> **Prompt**
From the line with "Pine Forest. Stock Photo" to the line with "Tufted Hair Grass", output every line below exactly, both ends included. Skip the pictures.

> **Supplied material**
******
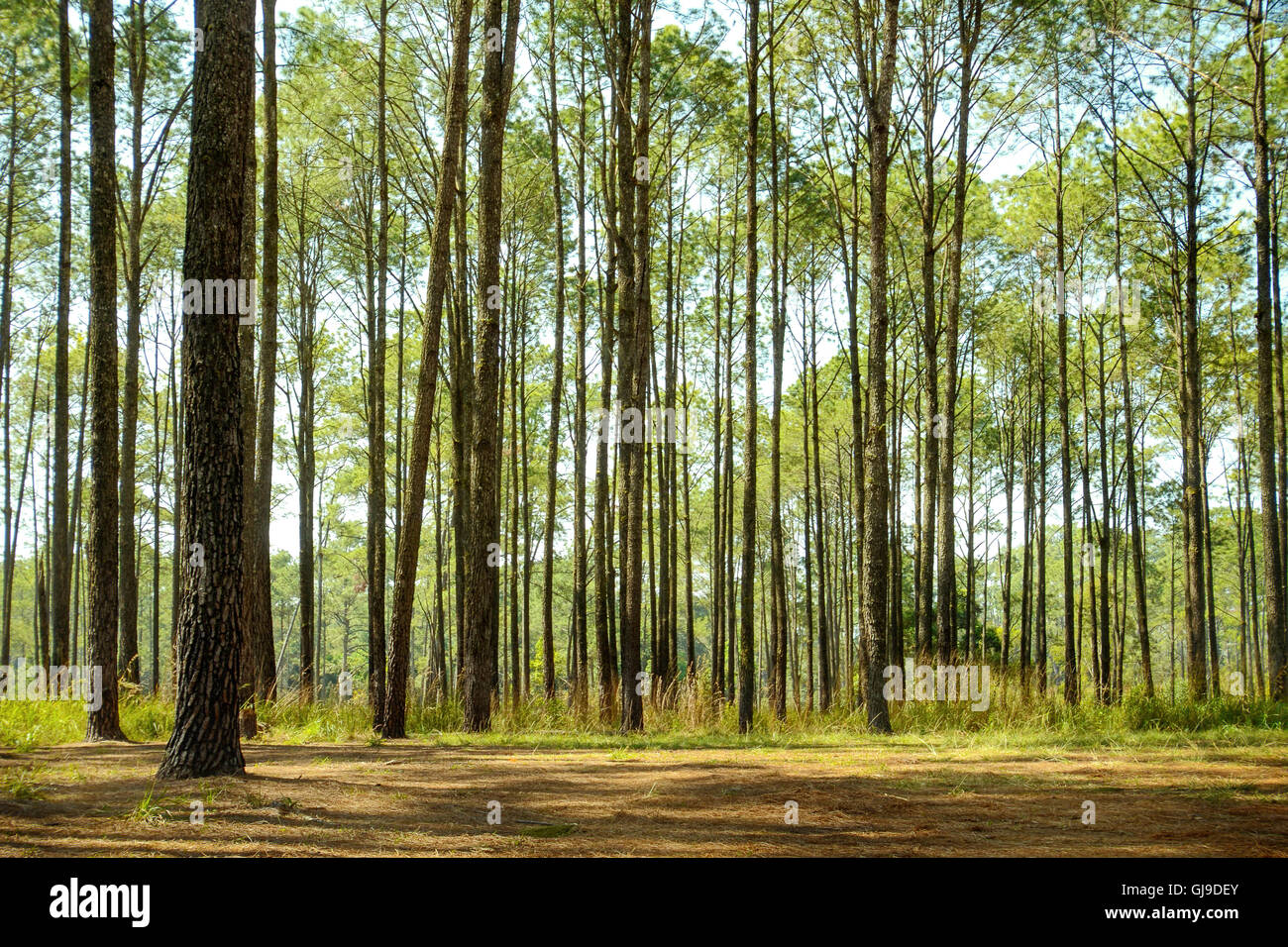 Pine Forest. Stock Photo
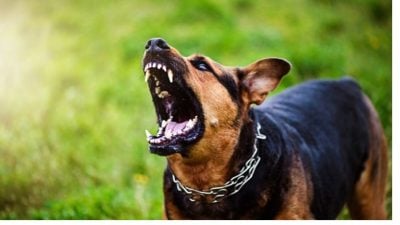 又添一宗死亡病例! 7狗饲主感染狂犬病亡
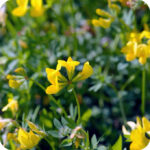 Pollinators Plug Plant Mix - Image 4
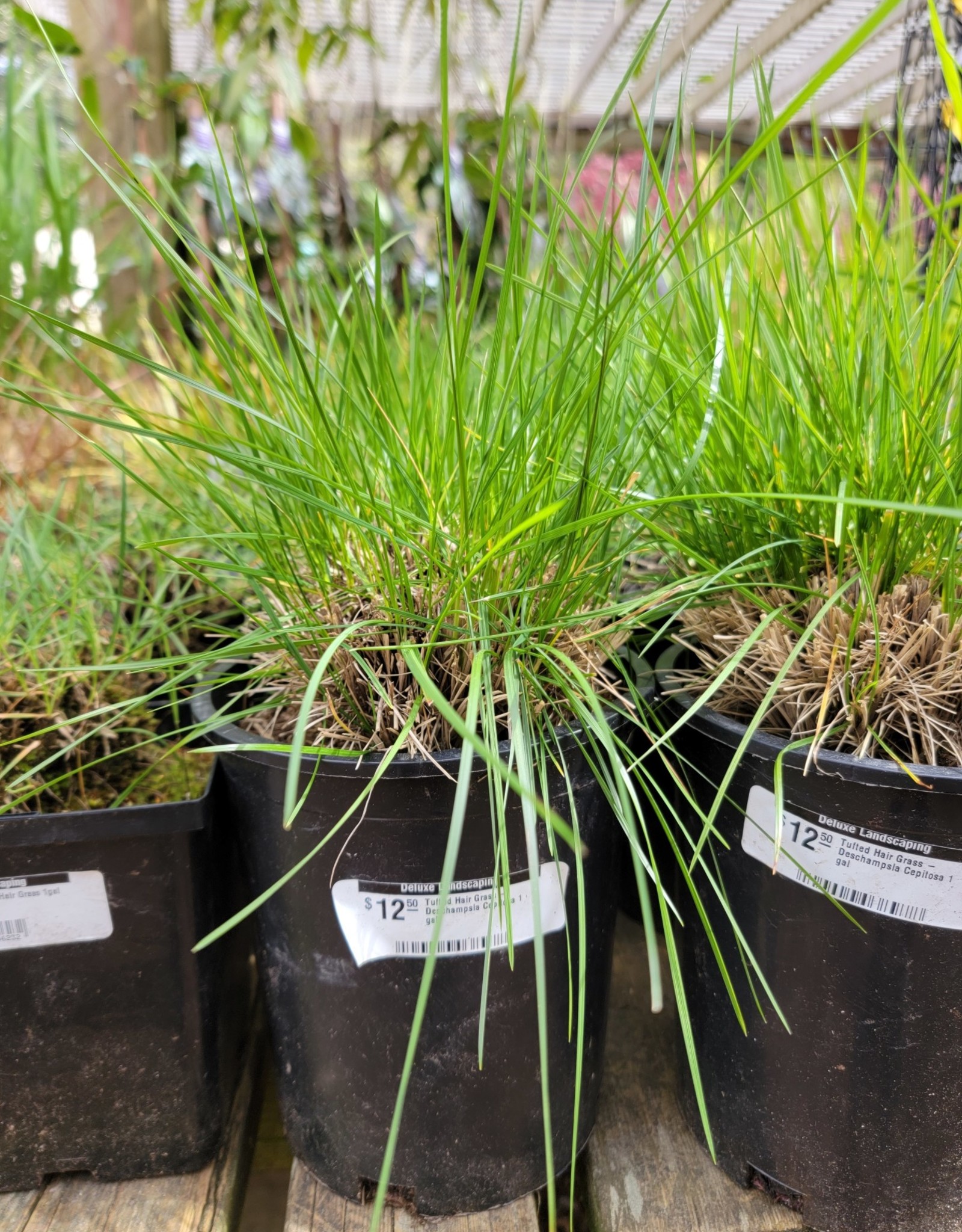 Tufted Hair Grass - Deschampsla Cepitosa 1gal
******
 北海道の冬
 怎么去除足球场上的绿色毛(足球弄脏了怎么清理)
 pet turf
******
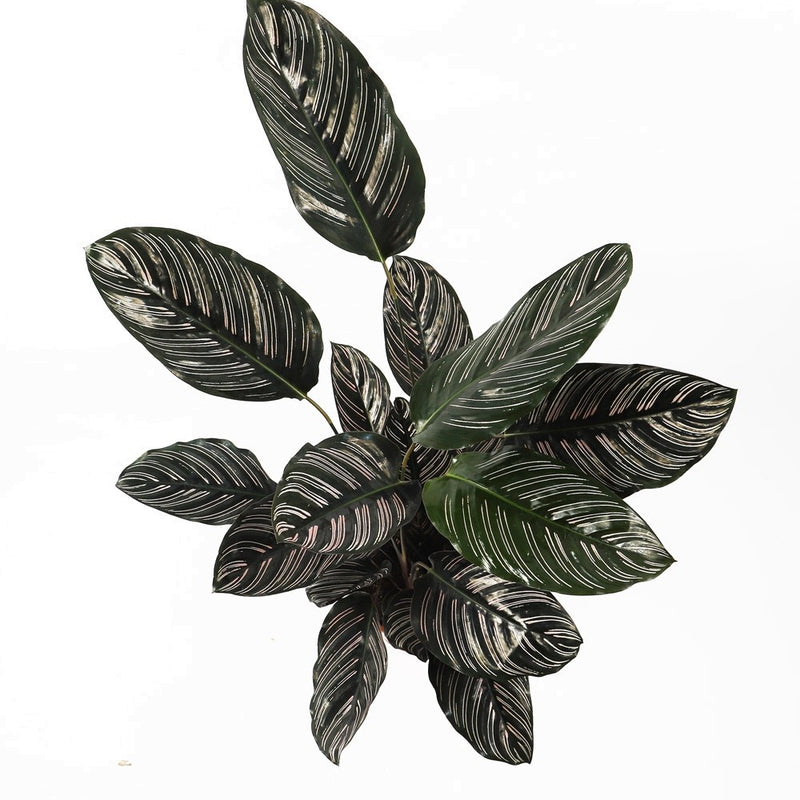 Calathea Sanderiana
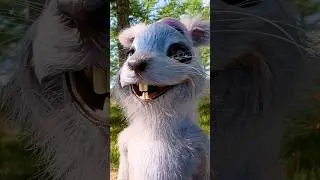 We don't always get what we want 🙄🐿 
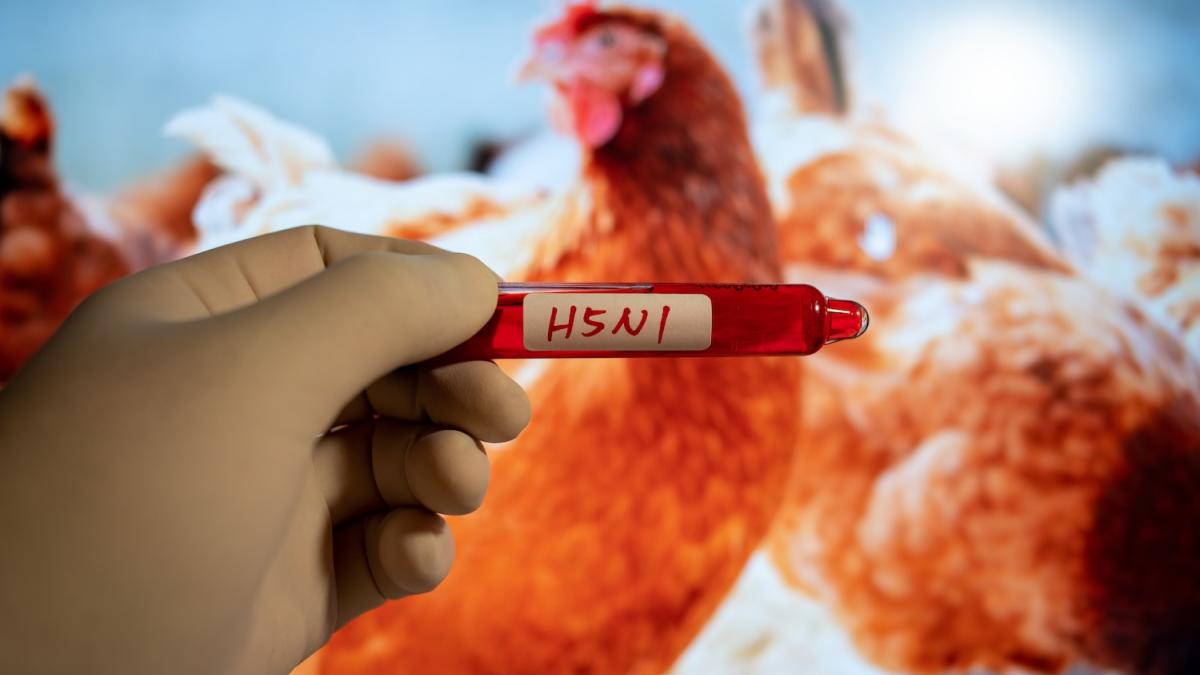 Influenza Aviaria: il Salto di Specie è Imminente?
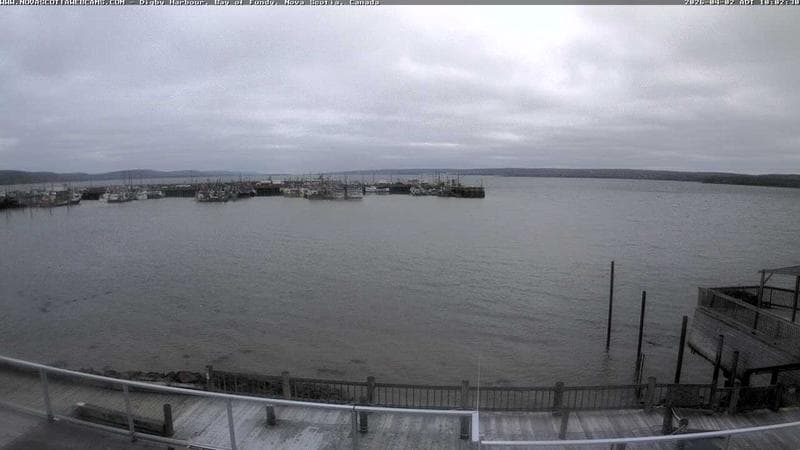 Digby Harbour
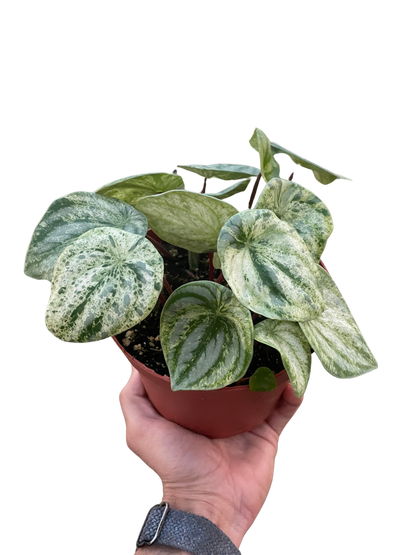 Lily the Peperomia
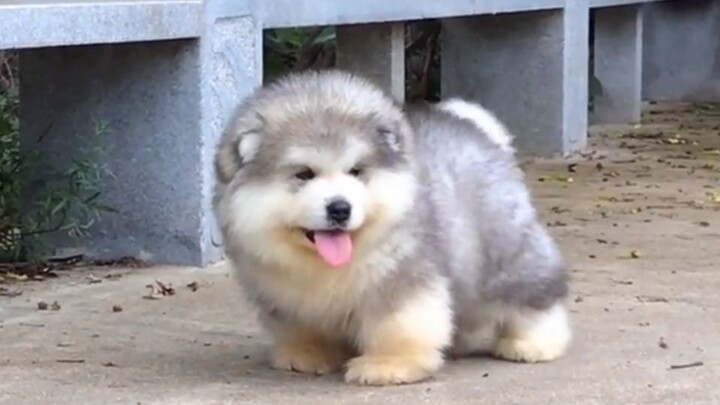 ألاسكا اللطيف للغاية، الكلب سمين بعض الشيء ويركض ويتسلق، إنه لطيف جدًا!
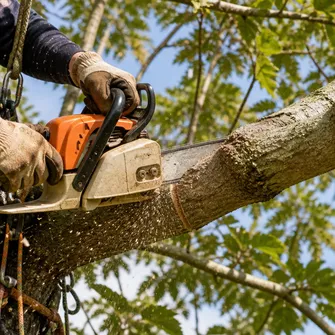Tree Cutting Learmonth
******
> **Answer space**
 Pine Forest. Stock Photo
 又添一宗死亡病例! 7狗饲主感染狂犬病亡
 Pollinators Plug Plant Mix - Image 4
 Tufted Hair Grass - Deschampsla Cepitosa 1gal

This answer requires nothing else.